The Matrix series consists primarily of three films, The Matrix, The Matrix Reloaded and The Matrix Revolutions, all written and directed by the Wachowski brothers and set in the same universe. The characters and settings of the series are further explored in other media, including animation, comics and video games.

The series depicts a complex science fiction story incorporating many philosophical elements. Other influences include cyberpunk, mythology, action films (particularly "heroic bloodshed" and martial arts movies), computer science and philosophy of mind. Concepts of several religions are also explored, including Hinduism, Christianity, Gnosticism and Buddhism.

Contents

The Matrix franchise

The series began with 1999's The Matrix. The film was highly successful, earning $456 million worldwide and beating Star Wars Episode I: The Phantom Menace for special-effects Oscars. The movie's mainstream success led to the greenlighting of the next two films of what the Wachowskis maintain was conceived as a trilogy, The Matrix Reloaded and The Matrix Revolutions. It was a number of years and several iterations of scripts before the final movies were approved. The two sequels were filmed simultaneously and released six months apart.

In acknowledgement of the Japanese anime that was a strong influence on the Matrix series, The Animatrix was produced; a collection of nine animated short films intended to further flesh out the concepts, history, characters and setting of the series. The Animatrix project was conceived and overseen by the Wachowski brothers but they only wrote four of the segments themselves and did not direct any of them; much of the project was created by notable figures from the world of Japanese animation. Four of the films were originally released on the series' official website; one was shown in cinemas with the Dreamcatcher; the others first appeared with the DVD release of all nine shorts shortly after the release of The Matrix Reloaded.

In May 2003, at the same time as The Matrix Reloaded appeared in cinemas in the United States, Enter the Matrix was released. The first of three video games related to the films, it told a story running parallel to Reloaded and focusing on interspersed gameplay with scenes shot especially for the game.

November 5 2003 saw both the conclusion to the film trilogy and an unprecedented event: the simultaneous worldwide release of a major motion picture, when The Matrix Revolutions hit cinema screens worldwide at exactly the same time.

Two more Matrix video games were released in 2005. The MMORPG The Matrix Online continues the story beyond Revolutions, while The Matrix: Path of Neo allows players to control the series' protagonist Neo in scenes from the film trilogy.

In addition, several comics and short stories based on the series–– some written by the Wachowskis, others by guest creators –– have been released on the official website. Many of these have since been collected in two printed volumes.

Criticism of sequels

While the first movie was extremely successful, viewers continue to debate the quality of the sequels. Some fans believe they exceed the quality and conceptual heights of the first film, while a considerable number of viewers found the latter films disappointing.

Upon release, The Matrix Reloaded received mixed reviews.
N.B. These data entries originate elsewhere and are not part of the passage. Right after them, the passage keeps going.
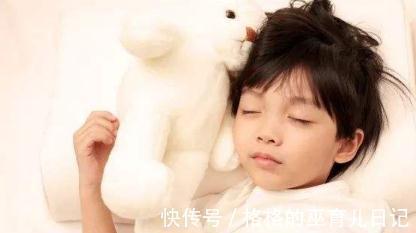 枕头|“妈妈,我该用枕头啦”,宝宝发出这几个信号,家长该买枕头了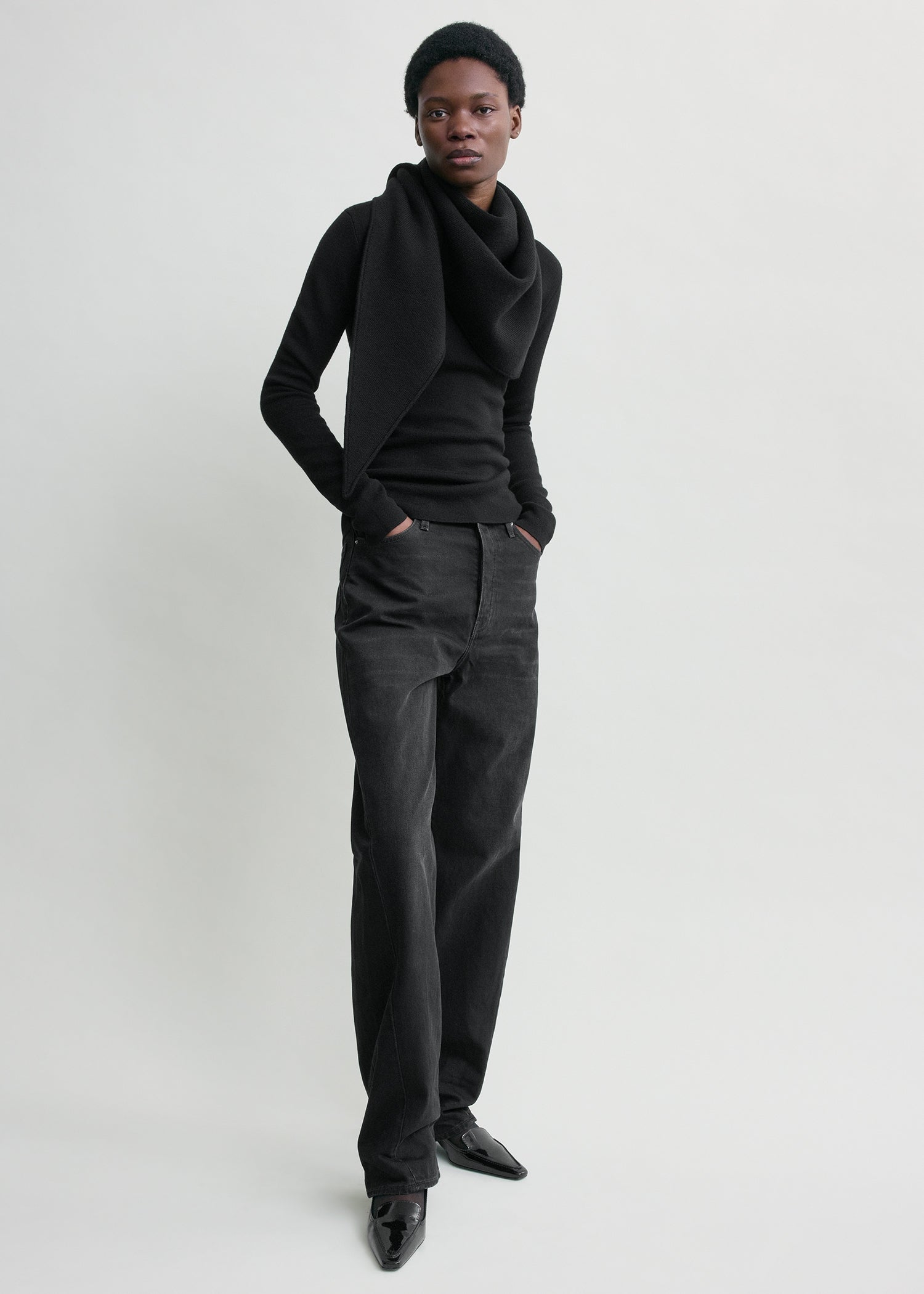 Triangle wool scarf black – TOTEME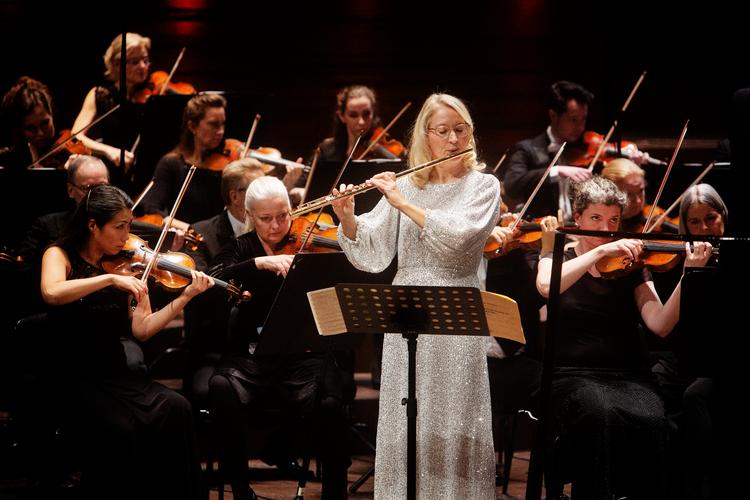 DR's solofløjtenist Ulla Miilmann havde selv valgt, at det var netop libanesisk-franske komponist Bechara El-Khoury, der skulle skrive en ny koncert til hende. Foto: Martin Lehmann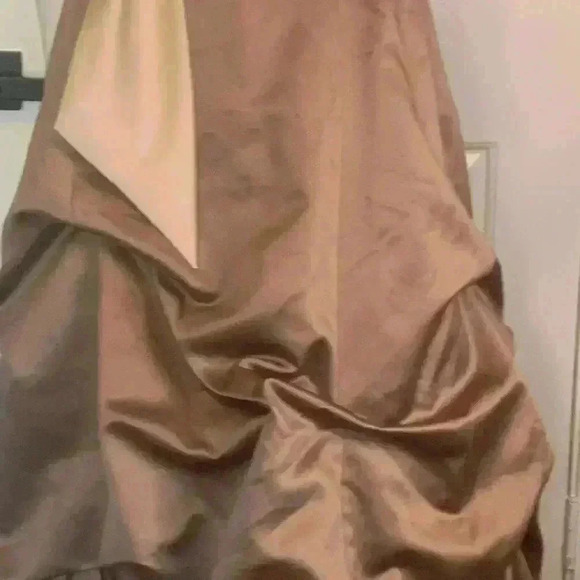 David’s Bridal - Picture 3 of 11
Some claimed that it had been "hyped beyond the point where it can possibly deliver". Fans responded that it was not possible to fully appreciate it without experiencing the entire series, including Revolutions, some segments of the Animatrix and the video game Enter the Matrix.
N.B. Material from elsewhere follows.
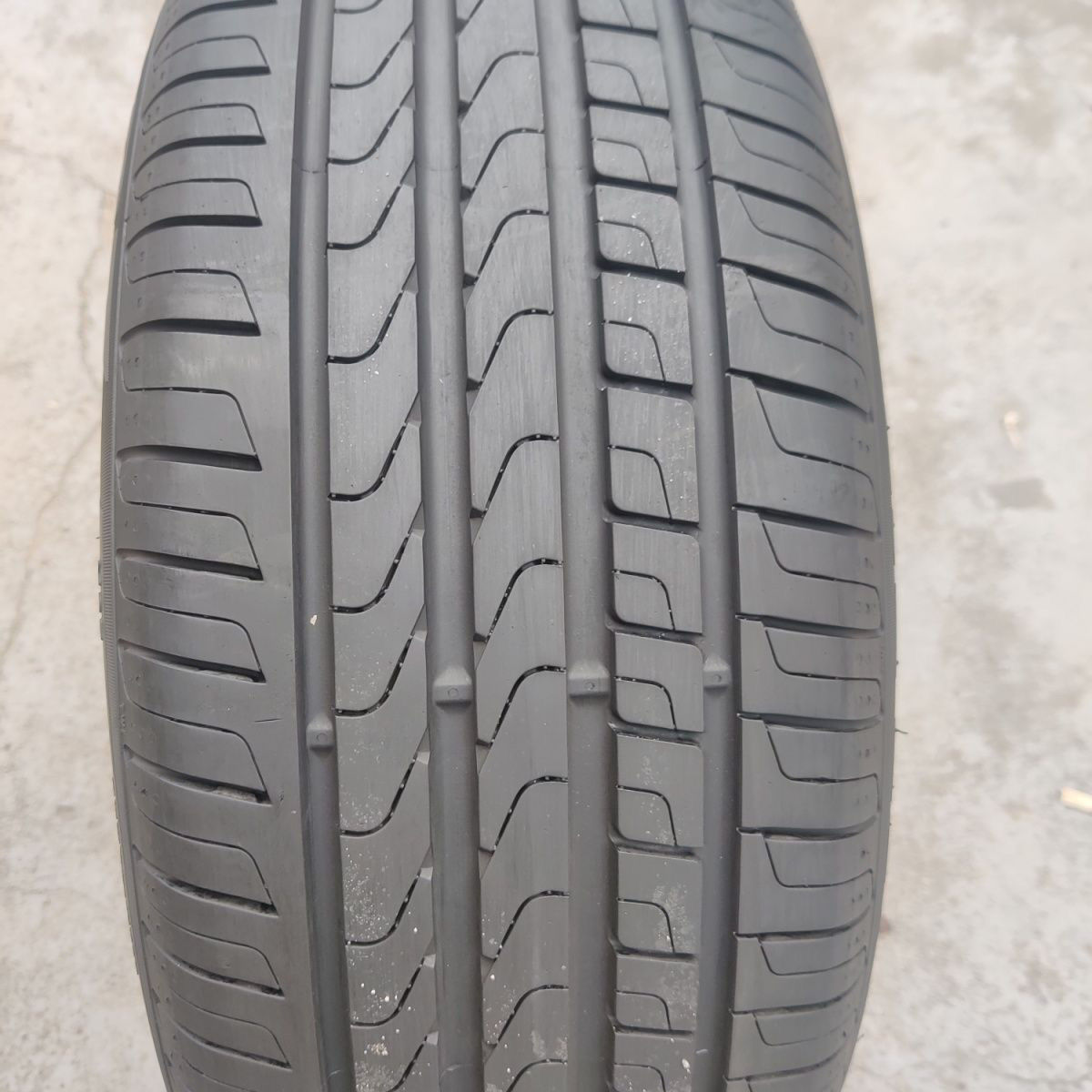 倍耐力防爆225/50R17倍耐力防爆轮胎2255017 适配宝马 奔驰 9成新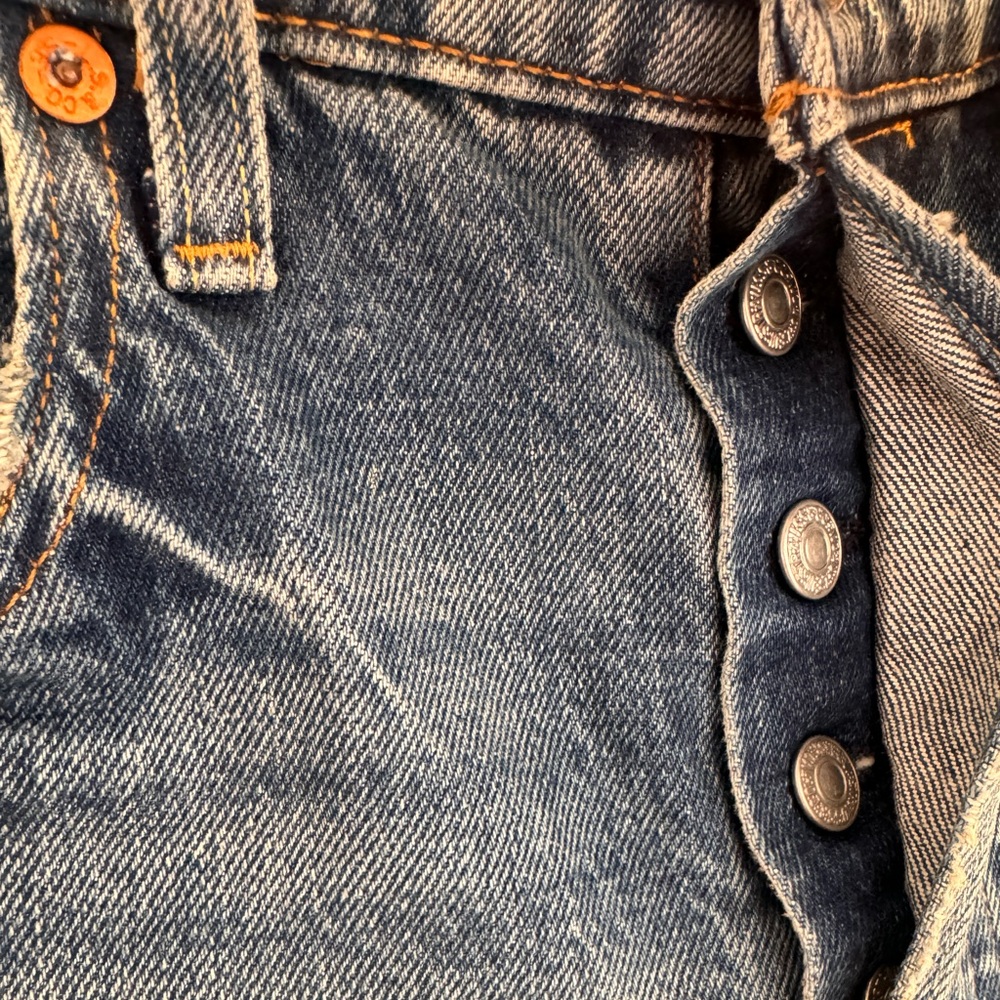 Levi’s 501 Jeans - Picture 5 of 5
Many concepts and questions introduced in Reloaded incited strong speculation of how Revolutions would end the series. Heated discussions took place among fans about radical theories such as the possibility that the Merovingian or Seraph would prove to be a previous "One". One particularly controversial moment was Neo's long-range destruction of a Sentinel towards the end of Reloaded, which appeared to contradict many of the rules laid down elsewhere in the series' continuity. Fans speculated that it would be explained through the revelation that Neo was at least partly machine, or through the possibility that the apparently "real" world was just another false reality ("Matrix within a Matrix"). However, when The Matrix Revolutions was finally released, a common complaint was that it did not give satisfying answers to these and other questions raised in Reloaded, did not use characters and concepts to their full potential, and did not introduce any groundbreaking plot twists.
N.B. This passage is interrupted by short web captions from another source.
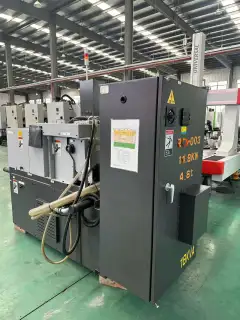 Used Tsugami R 30 A Heavy-Duty Thread Rolling Machine photo 8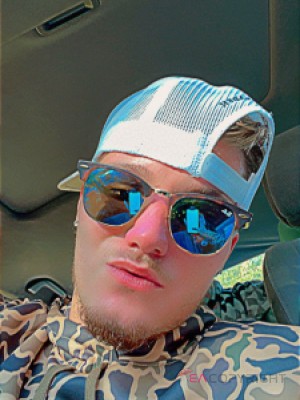 BIGGDICKCODY124 Huntington, West Virginia Escort, , Verified Adult Service Provider, Companion in United States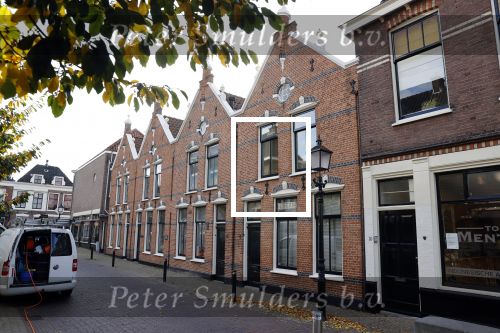 Voorburg 31 oktober 2020
Frits Wester loopt met zijn nieuwe vriendin naar zijn huis toe.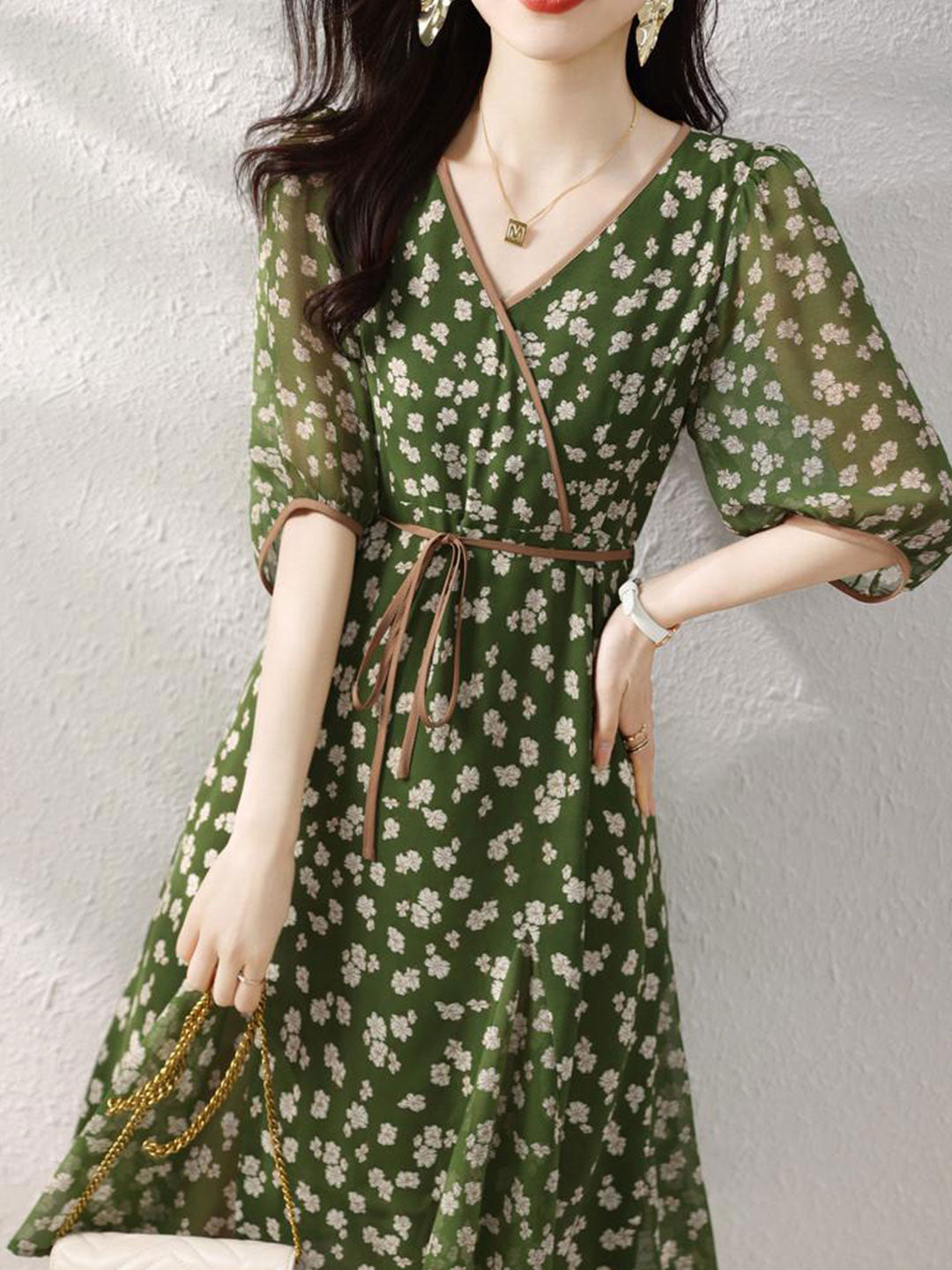 Classic Vintage Dress with a Flattering Fit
Influences and interpretations

Literature

The story makes numerous references to historical and literary myths, including Alice's Adventures in Wonderland, Judeo-Christian imagery about Messianism, Buddhism, Gnosticism and the novels of William Gibson, especially Neuromancer. Gibson popularized the concept of a world-wide computer network with a virtual reality interface, which was named "the matrix" in his Sprawl Trilogy. However the concept and name apparently originated even earlier in the 1976 serial The Deadly Assassin on the British science-fiction television series Doctor Who, which featured a virtual reality known as the Matrix. The first writer about a virtual reality, populated with unsuspecting victims, was Daniel F. Galouye with Simulacron Three in 1964.

The concept of artificial intelligence overthrowing or enslaving mankind had previously been touched on by hundreds of science fiction stories. Many have commented that The Matrix was inspired by the work of Philip K. Dick, not only dealing with issues of Gnosticism and prophetic visions but also the war against the machines in a post-apocalyptic world. The idea of a world controlled by machines and all of humanity living underground goes back to the 1909 short story The Machine Stops by E. M. Forster.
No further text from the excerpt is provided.